▶ _EXERCISE INSTRUCTIONS_
The material below holds pictures; leave them out and reproduce exactly the lines from the one with "GTRACING Gaming Chair" through the one with "#ad Click Clack", inclusive.
(DATA EXTRACT Opens)
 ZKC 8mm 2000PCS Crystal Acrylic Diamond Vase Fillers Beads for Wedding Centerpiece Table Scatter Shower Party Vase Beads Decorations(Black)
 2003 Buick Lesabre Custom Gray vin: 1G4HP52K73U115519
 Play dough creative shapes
(DATA EXTRACT Closes)
(DATA EXTRACT Opens)
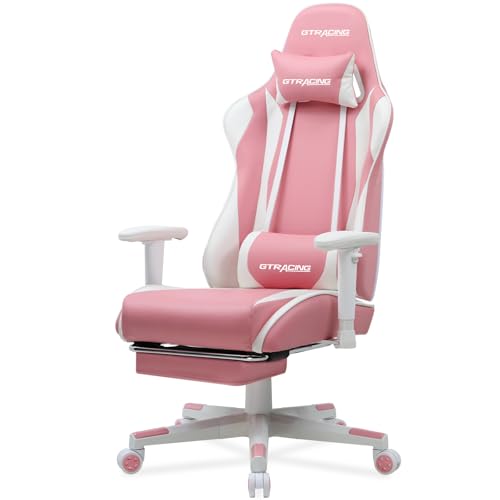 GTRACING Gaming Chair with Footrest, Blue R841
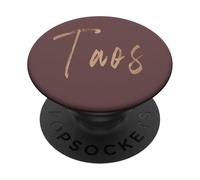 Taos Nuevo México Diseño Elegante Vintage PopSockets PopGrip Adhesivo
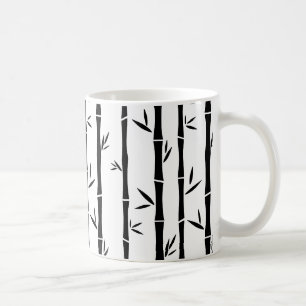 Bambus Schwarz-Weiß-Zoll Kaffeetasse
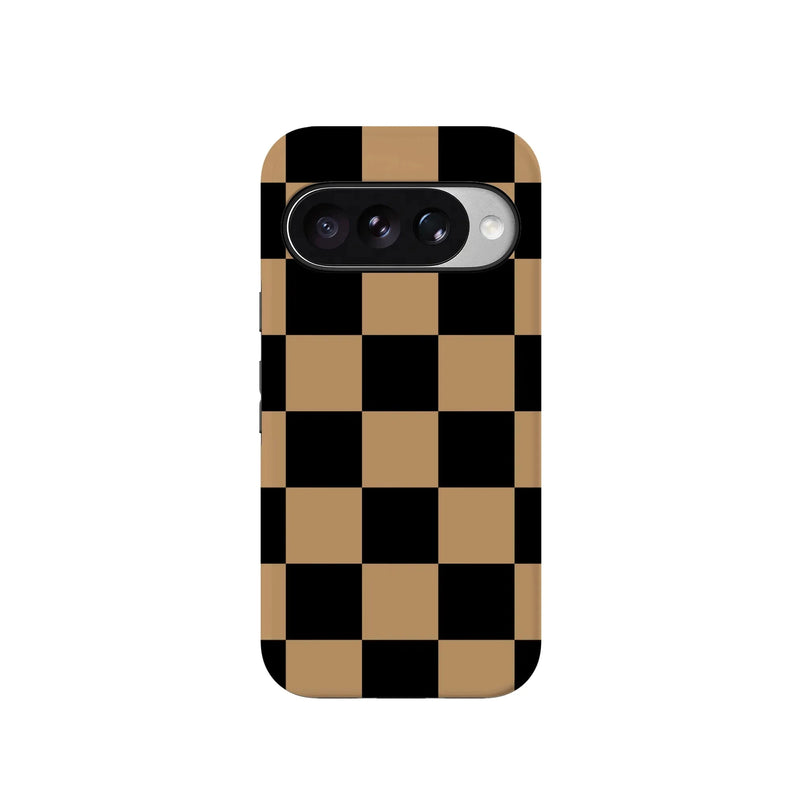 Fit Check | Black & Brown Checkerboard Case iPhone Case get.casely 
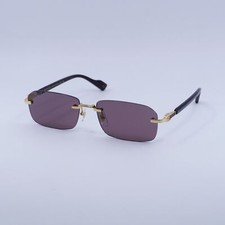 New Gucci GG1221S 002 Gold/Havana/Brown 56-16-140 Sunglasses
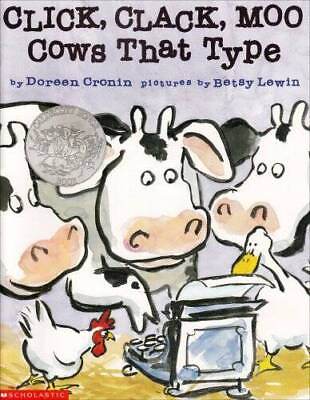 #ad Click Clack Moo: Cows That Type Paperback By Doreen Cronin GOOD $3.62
(DATA EXTRACT Closes)
▶ _ANSWER TO THIS TASK_
 GTRACING Gaming Chair with Footrest, Blue R841
 Taos Nuevo México Diseño Elegante Vintage PopSockets PopGrip Adhesivo
 Bambus Schwarz-Weiß-Zoll Kaffeetasse
 Fit Check | Black & Brown Checkerboard Case iPhone Case get.casely 
 New Gucci GG1221S 002 Gold/Havana/Brown 56-16-140 Sunglasses
 #ad Click Clack Moo: Cows That Type Paperback By Doreen Cronin GOOD $3.62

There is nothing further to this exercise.